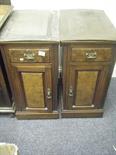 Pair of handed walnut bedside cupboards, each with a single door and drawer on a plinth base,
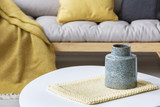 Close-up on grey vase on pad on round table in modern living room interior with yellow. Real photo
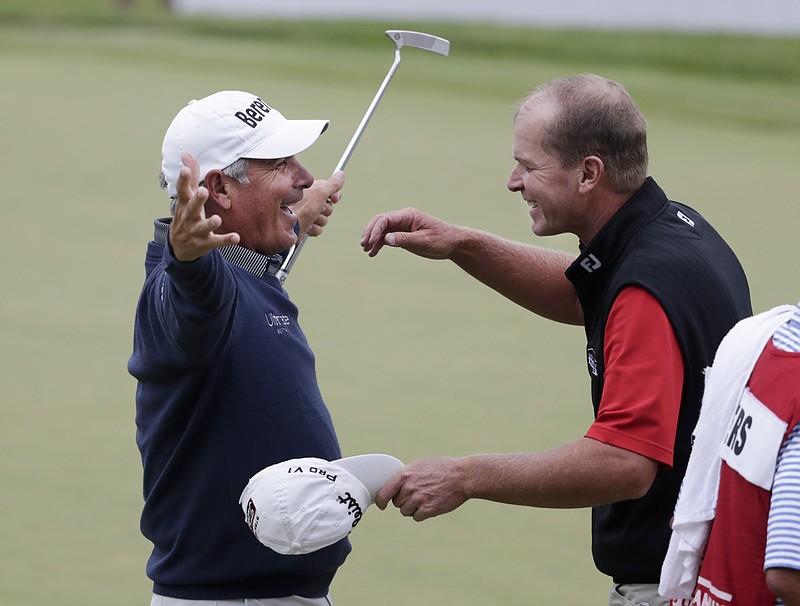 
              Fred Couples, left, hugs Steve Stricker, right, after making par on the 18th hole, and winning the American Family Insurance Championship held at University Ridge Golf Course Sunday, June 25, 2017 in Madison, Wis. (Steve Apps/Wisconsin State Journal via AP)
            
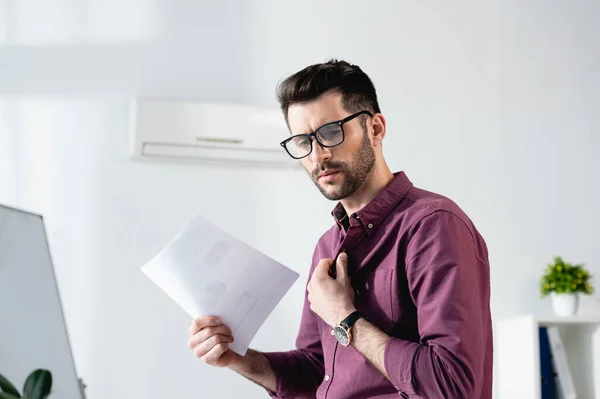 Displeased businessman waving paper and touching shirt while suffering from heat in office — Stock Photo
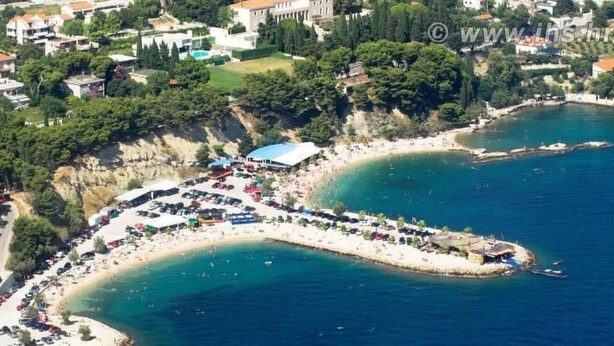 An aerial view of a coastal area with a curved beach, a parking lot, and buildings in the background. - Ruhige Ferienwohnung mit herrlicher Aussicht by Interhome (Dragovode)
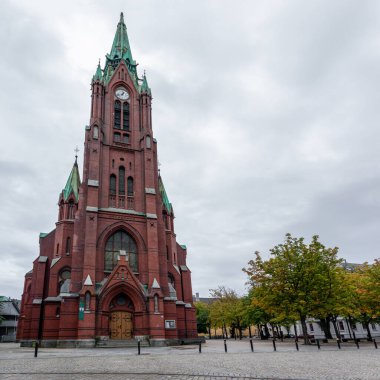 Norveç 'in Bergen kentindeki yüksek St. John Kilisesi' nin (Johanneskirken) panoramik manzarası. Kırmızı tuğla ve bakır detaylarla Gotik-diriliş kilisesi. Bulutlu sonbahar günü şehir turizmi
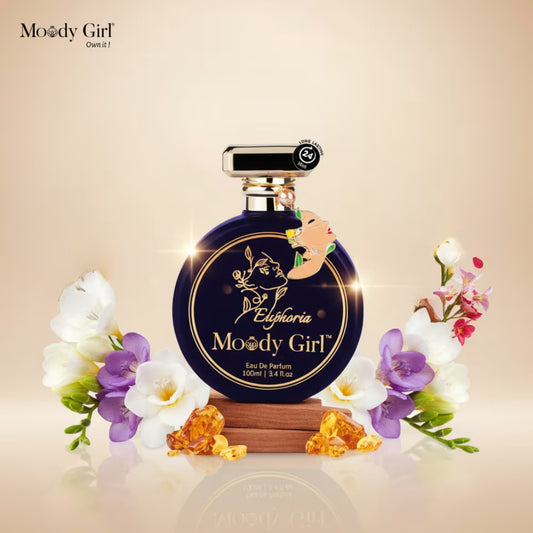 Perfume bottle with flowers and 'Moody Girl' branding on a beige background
* * * * * * *
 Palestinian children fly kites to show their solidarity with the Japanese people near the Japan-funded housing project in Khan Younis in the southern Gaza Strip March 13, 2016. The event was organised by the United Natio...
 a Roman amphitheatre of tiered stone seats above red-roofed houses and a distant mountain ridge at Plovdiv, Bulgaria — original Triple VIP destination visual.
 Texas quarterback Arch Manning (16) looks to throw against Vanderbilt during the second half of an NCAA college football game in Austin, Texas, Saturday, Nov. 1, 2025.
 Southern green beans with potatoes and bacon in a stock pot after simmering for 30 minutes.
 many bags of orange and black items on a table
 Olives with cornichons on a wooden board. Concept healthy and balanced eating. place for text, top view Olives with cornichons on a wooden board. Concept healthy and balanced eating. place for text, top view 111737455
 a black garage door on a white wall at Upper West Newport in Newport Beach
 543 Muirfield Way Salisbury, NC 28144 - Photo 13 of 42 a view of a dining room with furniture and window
* * * * * * *
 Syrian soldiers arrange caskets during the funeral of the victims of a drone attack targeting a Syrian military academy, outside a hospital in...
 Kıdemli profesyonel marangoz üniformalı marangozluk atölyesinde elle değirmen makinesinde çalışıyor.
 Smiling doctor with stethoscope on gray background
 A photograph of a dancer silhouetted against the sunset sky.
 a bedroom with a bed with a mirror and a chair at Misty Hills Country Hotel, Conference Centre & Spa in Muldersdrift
* * * * * * *
_ASSIGNED TASK_
If a line in the data above holds the string "against", report that line.

_REPLY_
 Texas quarterback Arch Manning (16) looks to throw against Vanderbilt during the second half of an NCAA college football game in Austin, Texas, Saturday, Nov. 1, 2025.
 A photograph of a dancer silhouetted against the sunset sky.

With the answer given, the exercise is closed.